Ms Powell went on to say that she feared the “cosy club” of the criminal justice system was now “closing in on itself” in order to prevent the issue being fully exposed.

She said: “This is potentially one of the biggest and most widespread miscarriages of justice ever to face our justice system.”

She added: “We can all agree, I think in here today, that the law did indeed take a wrong turn; now that needs putting right.

“The establishment is evidently not putting itself right, so Government and Parliament need to act.

“We urgently need a review of the use and scope of prosecutions brought under joint enterprise, particularly its disproportionate use against young and black and ethnic minority men.

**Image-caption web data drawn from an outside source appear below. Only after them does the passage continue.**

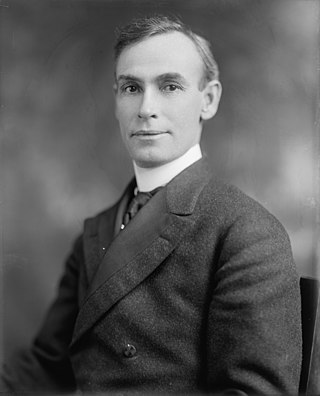 <span class="mw-page-title-main">Elliott Woolfolk Major</span> American politician (1864–1949)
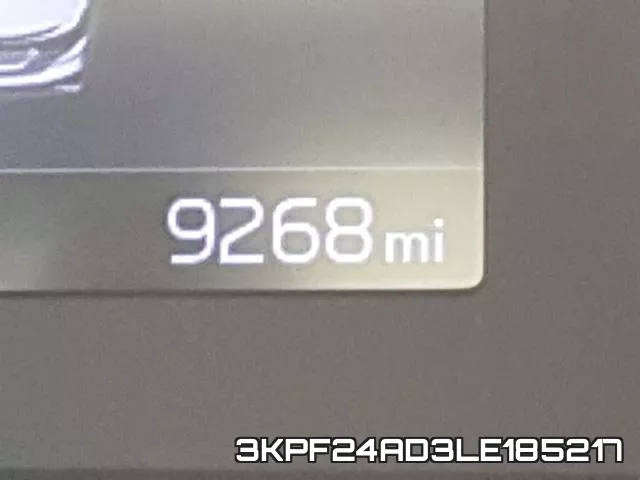 3KPF24AD3LE185217 фото 9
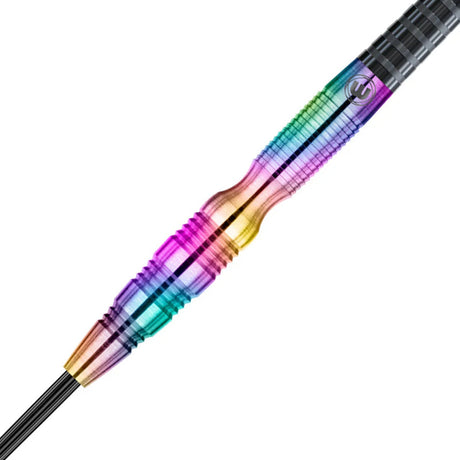Simon Whitlock Urban Grip 90% Tungsten Steel Tip Darts by Winmau - view 2
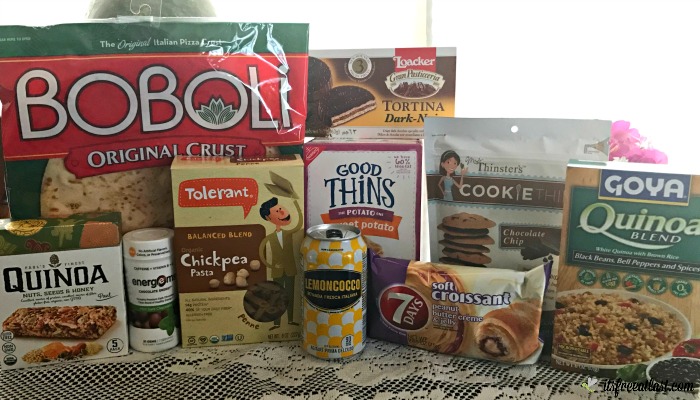 March Degustabox Brings Tons of Delicious Treats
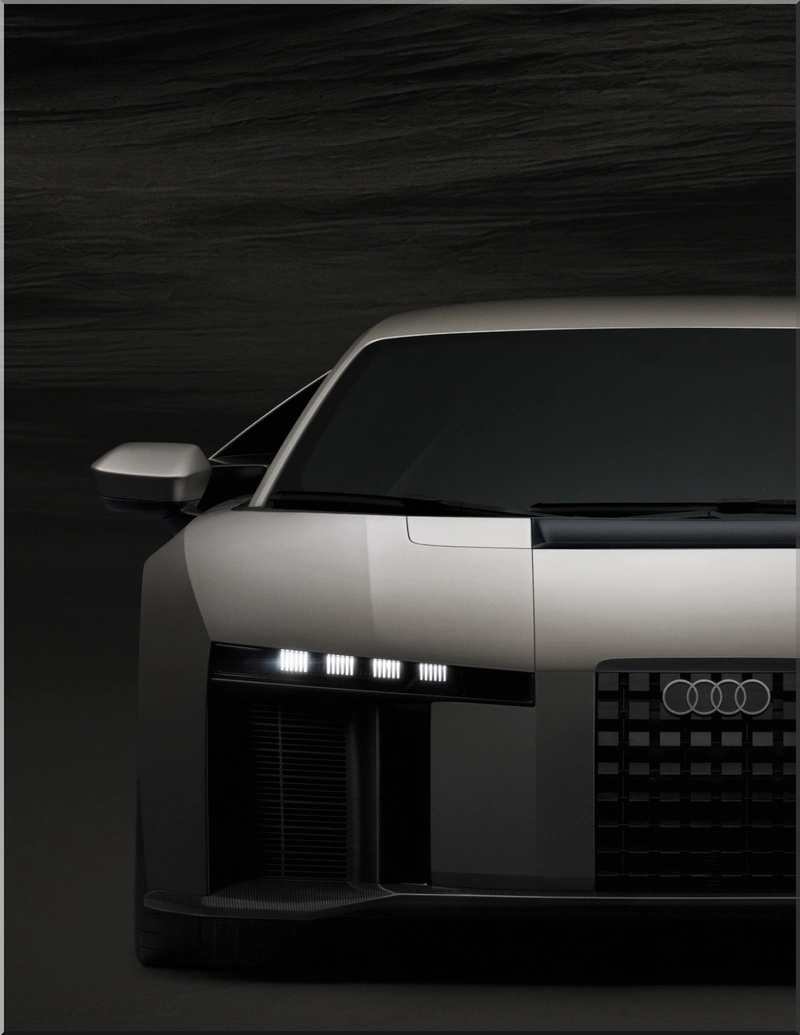 Audi Nuvolari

“We also need urgent clarification on the qualification for appeal so we can put right decades of substantial injustices and unsafe convictions leading to many serving life sentences for murders they did not commit.”

Labour MP Chuka Umunna (Streatham) told ministers that 37% of those serving long sentences for joint enterprise were black, 11 times the proportion of black people in the population.

Labour former minister David Lammy said that in black, Asian and minority ethnic (BAME) communities, joint enterprise was undermining “the sense of justice”.

He said: “In those communities where 14, 16, 19-year-olds have gone to prison for significant time when it’s absolutely clear to the community that they’ve not committed murder, what it actually does is, it undermines the sense of justice system in the black community.”

Labour MP David Lammy addresses the House of Commons during a debate on joint enterprise
Labour MP David Lammy addresses the House of Commons during a debate on joint enterprise (Press Association)

Tory former minister Andrew Mitchell agreed with Mr Lammy and accused the police of associating BAME people with gangs and violent crime.

He said: “It is an uneasy and difficult truth that an association may exist, unconscious or otherwise, in the minds of the police, prosecutors and juries between being a young ethic minority male and being in a gang, and therefore being involved in forms of urban violence.”

For the Government, Justice Minister Lucy Frazer said it was “not appropriate” to legislate for joint enterprise.

She said: “Joint enterprise, as many members have said, is not set out in statute, it has evolved through case law.

“Some criticism was made of this by (Mr Lammy), but the evolution of law through the courts has always been an important part of our common law justice system.

“In our law the common law has equal weight with that made by statute.”

Ms Frazer added: “What is needed is for the Supreme Court judgment to be followed, there is no suggestion that the law itself needs changing, it’s just that it needs to be enforced.”